### What the exercise asks
The response should contain all of the records, copied exactly, and none of the images.

### The input
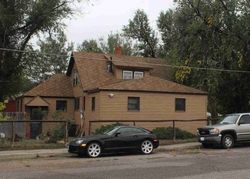Foreclosure Listing in 15TH ST WHEATLAND, WY 82201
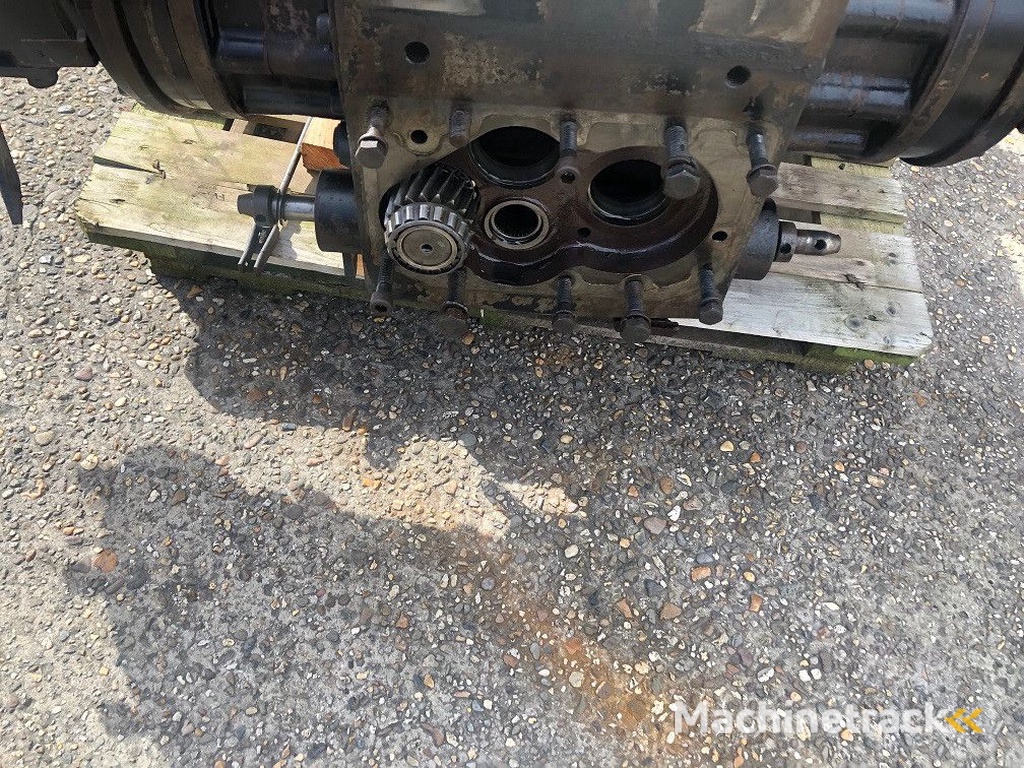 Case Versnellingsbak 30km/u Case IH 845XL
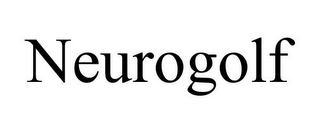 NEUROGOLF
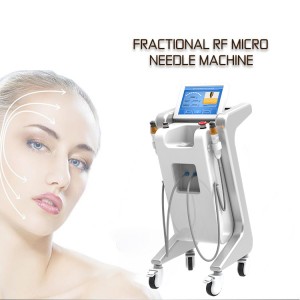 Europe style for Rf Body Machine - 80W professional micro-needle radio frequency firming facial lifting machine – Nubway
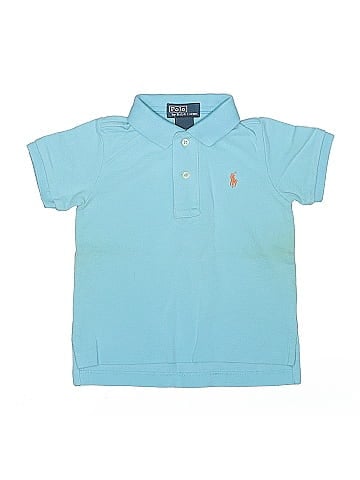 Polo by Ralph Lauren Short Sleeve Polo (view 1)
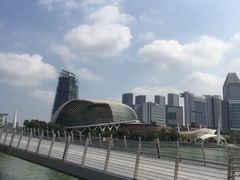 -鱼尾狮公园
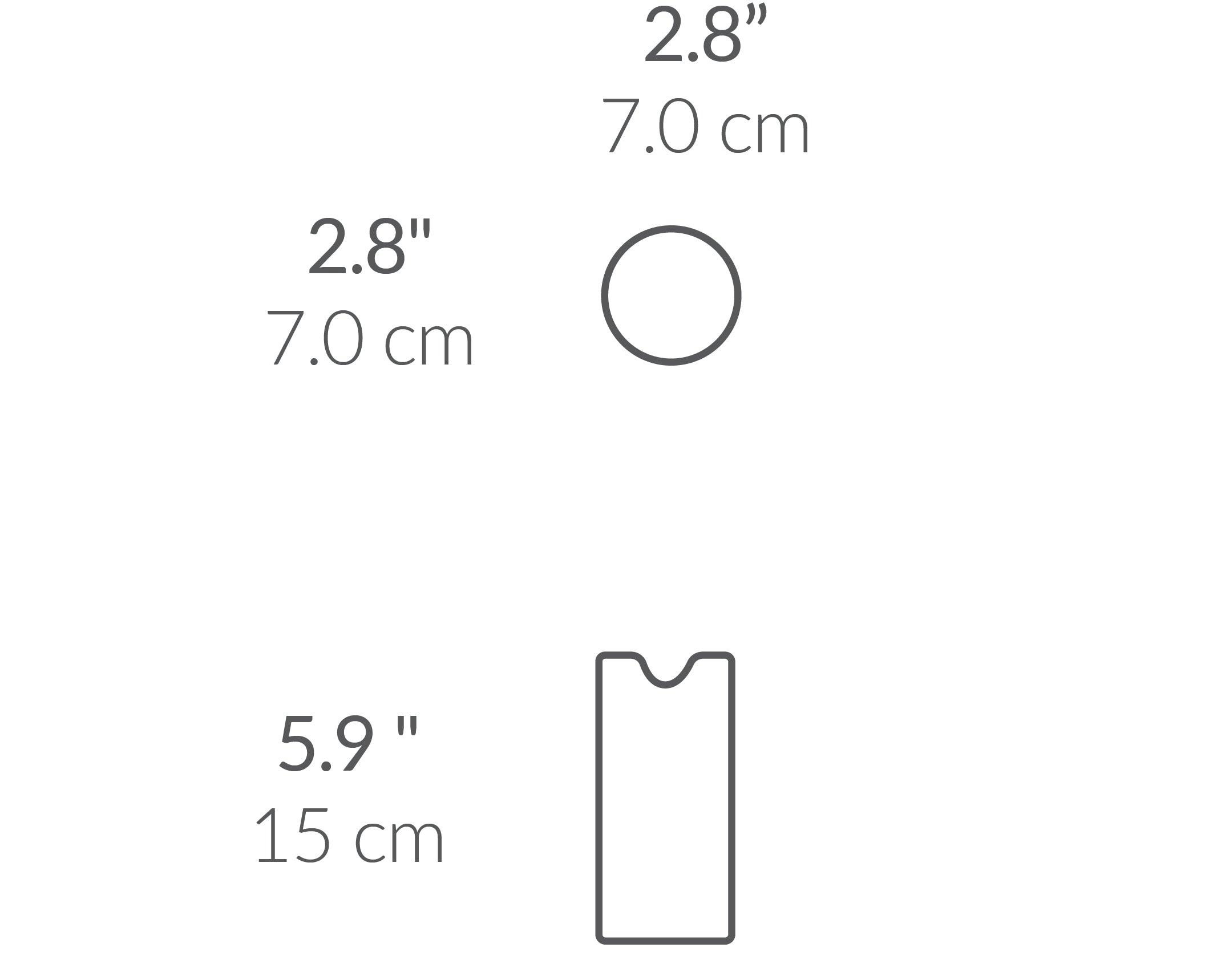 2023 holiday sleeve for liquid sensor pump 9 oz. - simplehuman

### Response for this exercise
Foreclosure Listing in 15TH ST WHEATLAND, WY 82201
 Case Versnellingsbak 30km/u Case IH 845XL
 NEUROGOLF
 Europe style for Rf Body Machine - 80W professional micro-needle radio frequency firming facial lifting machine – Nubway
 Polo by Ralph Lauren Short Sleeve Polo (view 1)
 -鱼尾狮公园
 2023 holiday sleeve for liquid sensor pump 9 oz. - simplehuman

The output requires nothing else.